ASSIGNMENT → Copy, pictures aside: the lines below from the one that holds "Earthy Green and" through the final line of the listing, both ends included, exactly as they are and nothing else.

COLLECTED DATA →
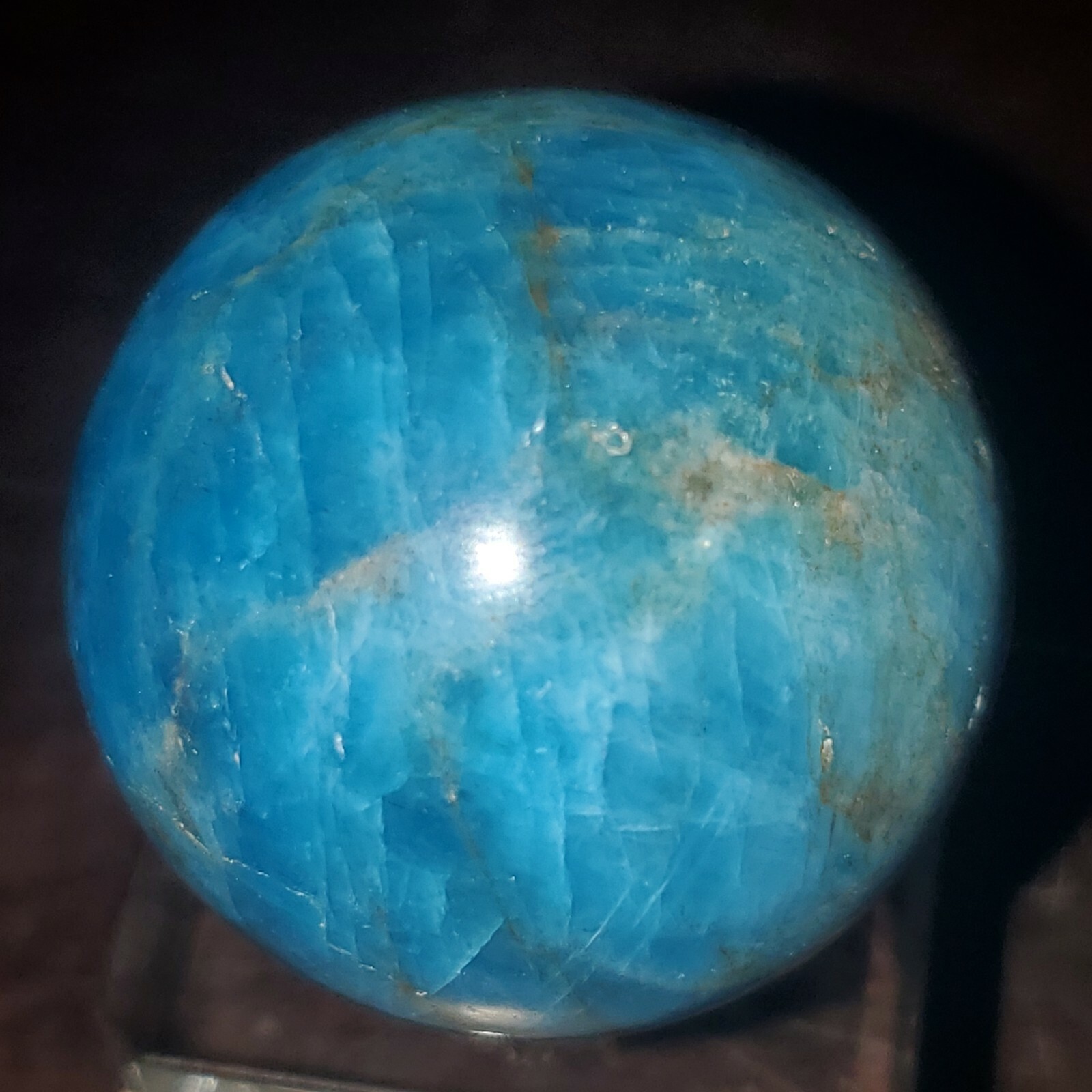 Blue Apatite Sphere Orb Ball Marble 32mm, 55g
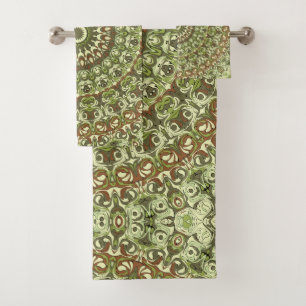 Earthy Green and Brown Mandala Pattern Design Bath Towel Set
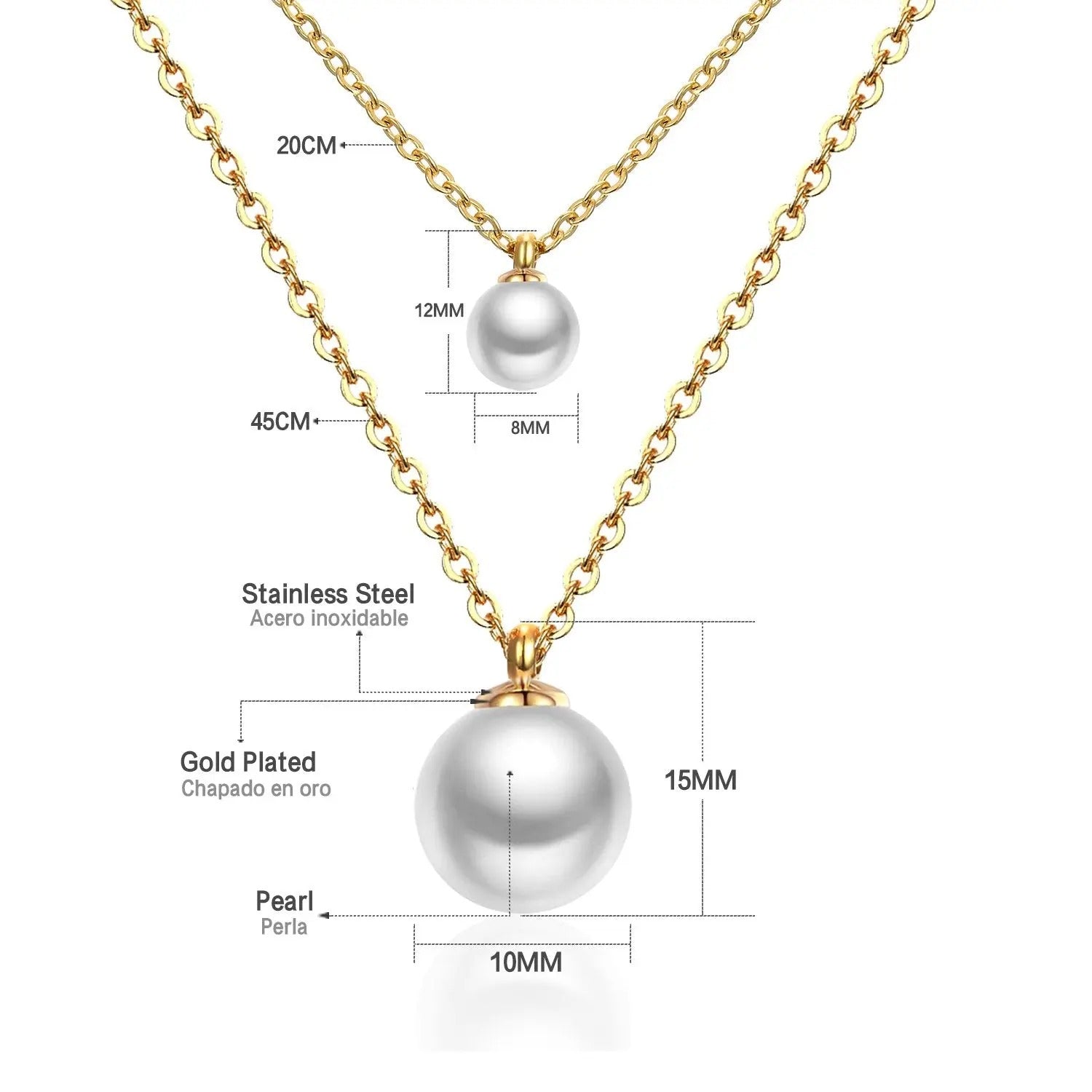 Florence Double Pearl Necklace | Waterproof 18k Gold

TASK ANSWER →
 Earthy Green and Brown Mandala Pattern Design Bath Towel Set
 Florence Double Pearl Necklace | Waterproof 18k Gold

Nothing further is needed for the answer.